**Input data:**
=-=-=

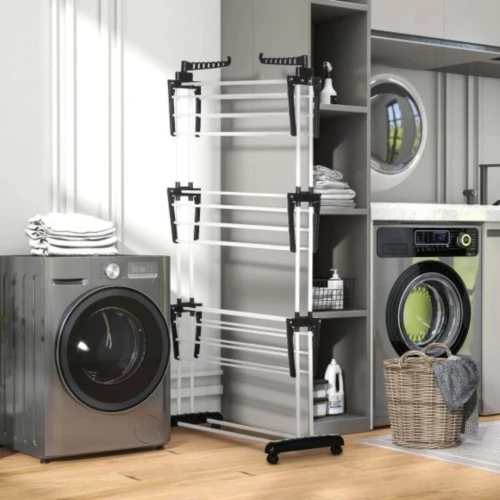 Sèche Linge Pliable Mobile 3 Niveaux 4 Roues - حامل تجفيف الملابس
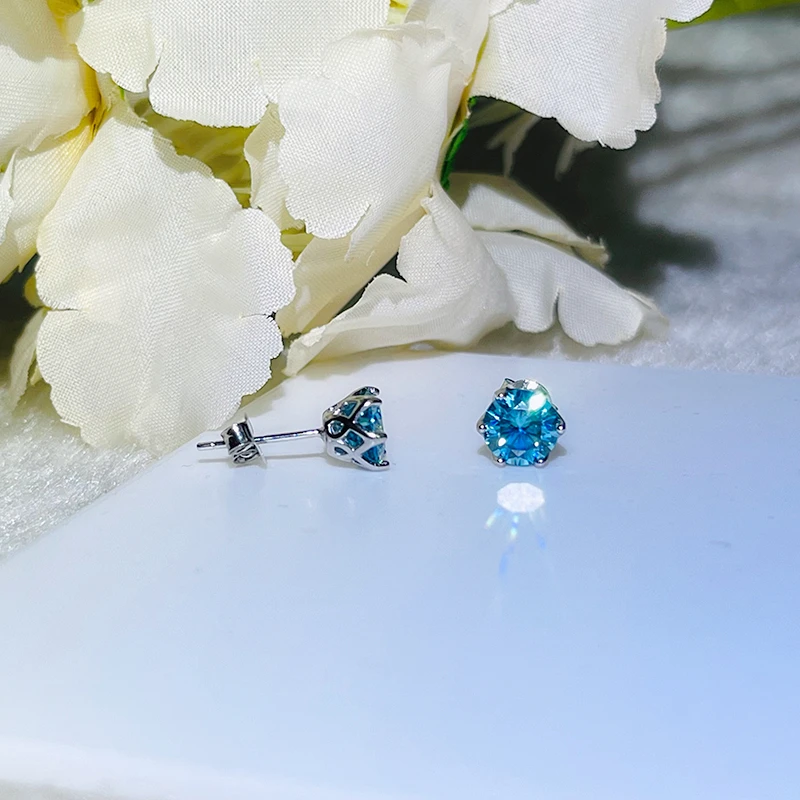 JoyceJelly 1/2/4CT VVS D Farbe Moissanit Russische Cut 8H8A Labor Diamant Stud Ohrringe Für Frauen S925 Sterling silber Edlen Schmuck – Detail 14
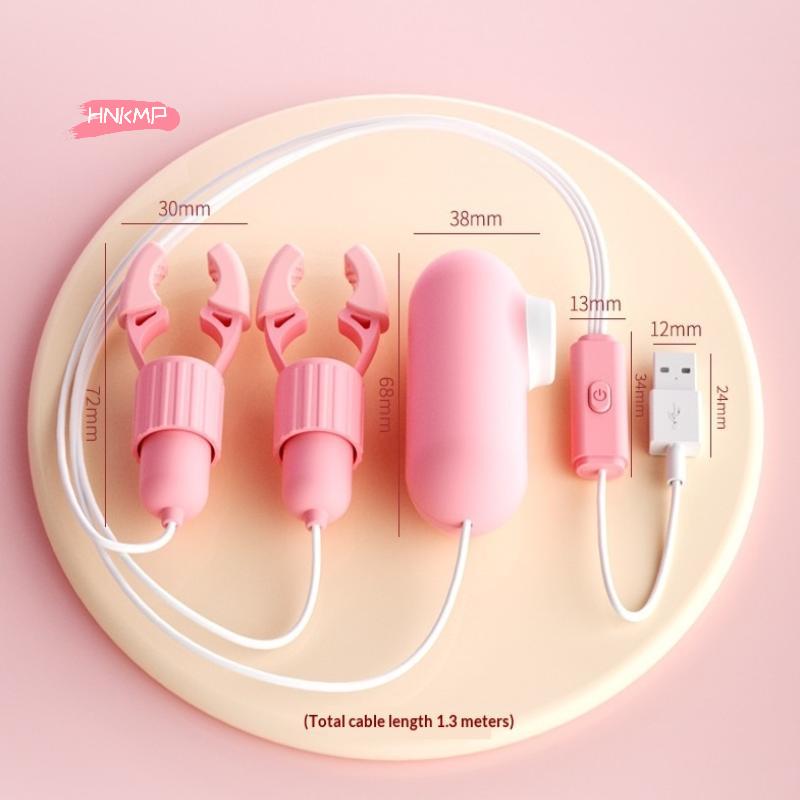 Women's Nipple Clamps Vibrator with Tongue Licking Strong Sucking Breast Massage Adult Vibrating Toy Female Masturbator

=-=-=

**Your objective:** Your reply should restate the data above word for word and contain no pictures.

**Task response:**
 Sèche Linge Pliable Mobile 3 Niveaux 4 Roues - حامل تجفيف الملابس
 JoyceJelly 1/2/4CT VVS D Farbe Moissanit Russische Cut 8H8A Labor Diamant Stud Ohrringe Für Frauen S925 Sterling silber Edlen Schmuck – Detail 14
 Women's Nipple Clamps Vibrator with Tongue Licking Strong Sucking Breast Massage Adult Vibrating Toy Female Masturbator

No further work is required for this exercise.